In a country such as Russia, the space for alternative and critical views are rare. During the recent war between Georgia and Russia, bloggers on both sides provided searing accounts of atrocities and maneuvers unseen by western journalists. The war showed an authoritarian regime’s narrative being challenged by a handful of insiders and outsiders. The government-run media looked staid by comparison.
This was merely the latest example of bloggers beating mainstream journalists at their own game. Online media have exploded in western nations, challenging decades-old business models and forcing reporters to answer questions about their methods and sources. But in repressive states, blogs and websites have become essential sources of information on topics – from women’s issues to sexual orientation, dating rituals to human rights – routinely shunned by channels for official propaganda.
These openings for citizens in the non-western world to be heard are far more empowering than the equivalent outlets in our own societies. But how often do we hear these voices in the west? September 11, for example, should have been the perfect opportunity for the western media to listen to the grievances of the Muslim world. Alas, with notable exceptions, indigenous voices were excluded then and remain largely absent from the pages of the world’s leading papers. It is as if only a western journalist’s filter can validate such perspectives.
Hearing local voices
In 2007 I traveled to Iran, Egypt, Syria, Saudi Arabia, Cuba, and China to speak to dissidents, bloggers, writers, politicians, and ordinary citizens about how the internet is changing their countries. I wanted to gauge their interests, desires, frustrations, and attitudes towards each other and the west. My new book, The Blogging Revolution, is a chance for these local voices to reveal how the web has democratized their minds – although it also reflects the fact that the vast majority of global netizens prefer online dating and downloading pirated films and music to challenging political orthodoxy.
Also addressed is whether multinationals such as Google, Yahoo, Microsoft, and Cisco have assisted net filtering and censorship in China, Cuba, and the Middle East. On the eve of the Beijing Olympic Games, Naomi Klein wrote that western firms were essential in “authoritarian communism – central planning, merciless repression, constant surveillance – harnessed to advance the goals of global capitalism.”
How much do we know about Yahoo’s or Google’s willingness to modify their behavior to please paranoid officials? I discovered that the western executives of these companies have been more than comfortable allowing their Chinese counterparts to self-censor thousands of sensitive keywords, far more than just “democracy” and “Falun Gong.” Moreover, they ignore disturbing developments such as Yahoo China’s decision earlier this year to post images of wanted Tibetans on its home page after the Lhasa uprising.
Democratic force
An important question is whether the web is an automatic democratiser, as is widely assumed in western media circles. The consensus across the globe was that political and military meddling by Washington and London was making the job of real democrats much more difficult. As one blogger told me in Tehran: “Most of the people I know are in favor of reform, not revolution, because people are too tired to experience another revolution.” I found the same message echoed throughout the countries I visited: the desire to experience incremental change without foreign involvement.
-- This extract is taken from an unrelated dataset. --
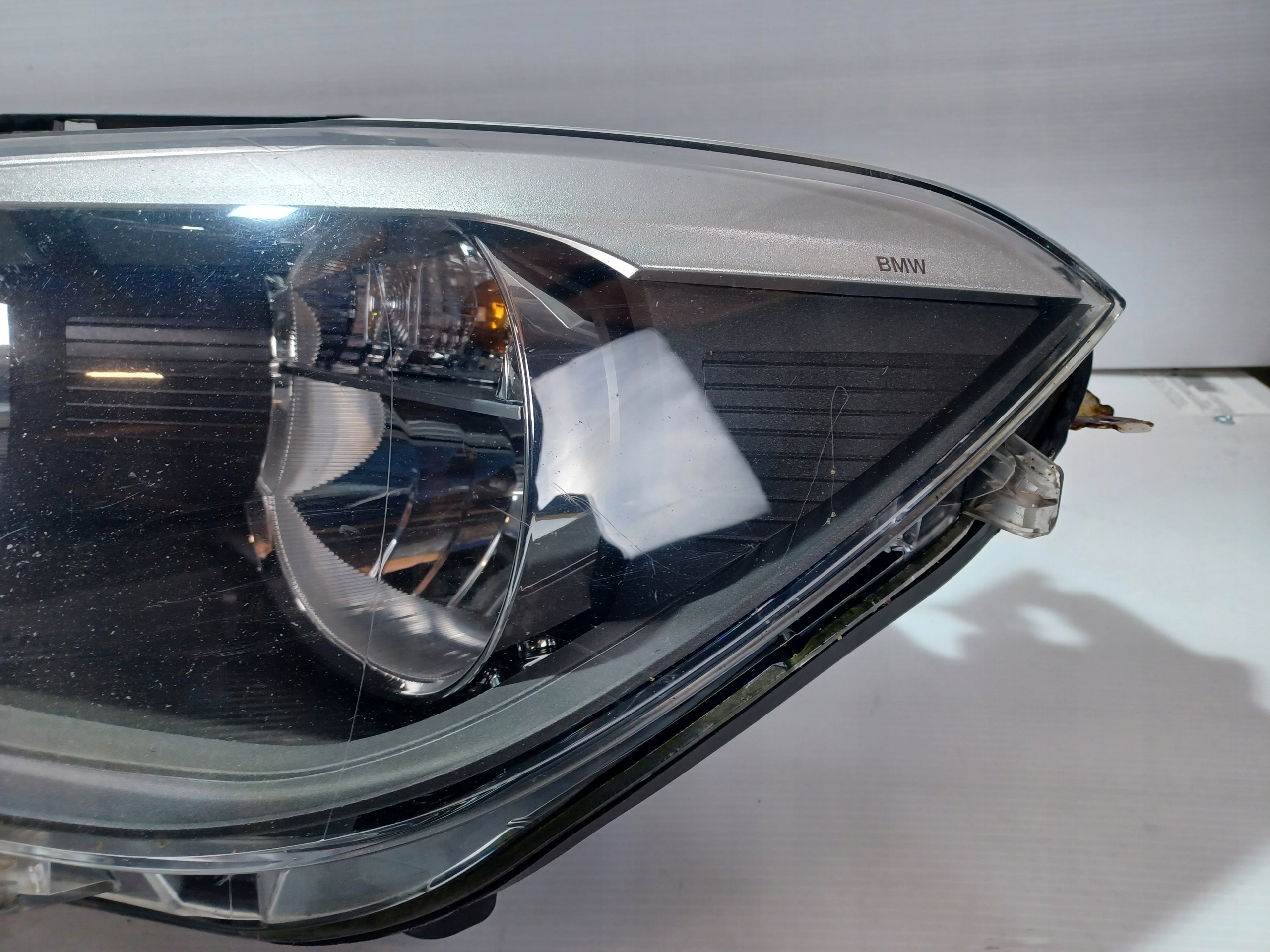 BMW F20 F21 Farol Refletor Esquerdo Dianteiro UK 7229685 image 7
Take China. It has 250 million internet users – now the largest online community globally, far surpassing America – based in both the cities and rural areas. Politics is often the furthest thing from their minds, but connecting with friends has become an essential part of life. I met very few bloggers who wanted to discuss anything political, and most expressed general satisfaction with the regime’s economic policies—no great desire for “democratization” there.
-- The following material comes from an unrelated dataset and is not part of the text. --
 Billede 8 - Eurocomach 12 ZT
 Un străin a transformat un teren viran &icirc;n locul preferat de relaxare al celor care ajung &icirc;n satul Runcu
Mica Yushu, a blogger in Shanghai, told me that most of her middle-class friends didn’t crave political change. “We use the internet mostly for entertainment, sharing information, earning money, or other fun,” she said. The sight of darkened internet cafes across the country was something to behold, with thousands of users gaming, watching soft-core pornography, blogging, and instant messaging.
A recent study by the Pew Internet & American Life Project found that most of China’s web users expressed support for Beijing managing or controlling the internet, including the banning of “pornographic” sites. This is not to say that the Chinese desire authoritarian rule. While they want to change, curbing corruption and ensuring essential services are their top priorities, not the advances in human rights the west puts at the top of the agenda. After the Beijing Games, Chinese bloggers fiercely debated the economic direction the country should take over the coming years. It was a far more robust debate than one would expect from coverage of China in the west, where the emphasis is always on rampant nationalism.
One anonymous blogger noted – after sarcastically praising the country’s free-market reforms as the “best system seen not just in Chinese history, but also in humankind’s” – that greater political development could only come with a “basic welfare system.” Such discussions on a massive scale were impossible in China before the internet. Equally, important debates are occurring in every country I visited. Allowing people to speak and write for themselves without a western filter is one of the triumphs of blogging. The online culture, disorganized and disjointed in its aims, is unlike any previous social movement. While some want the right to criticize their leaders, others simply want the ability to flirt and listen to subversive tunes. That is revolutionary for much of the world.